Netherlands always shortage arable land and so a weak aristocracy. So little resistance to the growing power of merchant class that culminated in the Dutch East India Co

Calvinism, as practiced in Netherlands, was religion of everyday life. Showed piety by being sober and industrious, not by fasting or sacrificing. And from that it was a short step to seeing the rewards of a sober and industrious life - prosperity - were a sign of God's blessings.

Medieval houses, particularly the big ones, used staircases to delineate - servants used the back stairs; family the main ones. But the big invention was the corridor, which grew out of the monasteries cloisters. The first one built in a 1597 house, and was so new, had no word for it: it was "a long entrance running through the entire house." (English first experimented with the less precise word 'passage', before settling on the Italian-derived 'corridor' in early C19).

Change brought about by car, especially in America, where they noticed the decline of front porches and casual visits from neighbours. Now people went out for a drive, whizzing past the front porches without stopping top chat.

First reference to glazing in England dates to 675, when French glass, and French glaziers, were imported to install windows in the monastery at Jarrow (which was also the first stone ecclesiastical building in Britain.) But it was not until C13 that secular buildings began to use glass, and then only those of the very wealthy. The poor used shutters or oiled paper for light.

For a long time cooking was done over an open fire in the center of the main room. A chain suspended a cooking pot over the fire. When chimneys were invented, and fireplaces moved to side wall, little changed - food was boiled or stewed in a cauldron of liquid. No way to bake in an oven at home; you relied on commercial bakeries, or, if too far from them, baked on a breadstone in the hot ashes.

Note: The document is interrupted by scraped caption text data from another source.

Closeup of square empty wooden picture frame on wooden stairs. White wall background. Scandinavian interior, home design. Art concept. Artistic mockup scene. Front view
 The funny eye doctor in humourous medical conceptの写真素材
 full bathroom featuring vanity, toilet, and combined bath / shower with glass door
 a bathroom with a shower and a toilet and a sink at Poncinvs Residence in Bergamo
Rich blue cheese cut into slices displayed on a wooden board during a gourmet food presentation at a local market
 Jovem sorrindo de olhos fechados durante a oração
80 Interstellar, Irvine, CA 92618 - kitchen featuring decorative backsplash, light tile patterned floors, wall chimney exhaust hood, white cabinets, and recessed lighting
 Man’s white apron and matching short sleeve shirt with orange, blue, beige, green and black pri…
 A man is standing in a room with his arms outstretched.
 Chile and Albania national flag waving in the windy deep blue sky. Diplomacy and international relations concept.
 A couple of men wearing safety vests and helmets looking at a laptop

Real change only with the Ind Revn and coal-fired iron stoves, making it possible to cook with several pots on top, and to roast meats inside.

What we today would consider essential was not necessarily a priority for others - in one American town surveyed in 1920, 21 of the 26 homes which had a car, had no bathroom.

Piped water made biggest change to houses. For first time bathing became private instead of public.

Myth of the frontier-type housewife bottling or preserving fruits and veges. Cost and availability of sugar and jars, as well as cost of fuel, and the time required. Veges and fruit were either just dried, or stored in a cool root cellar.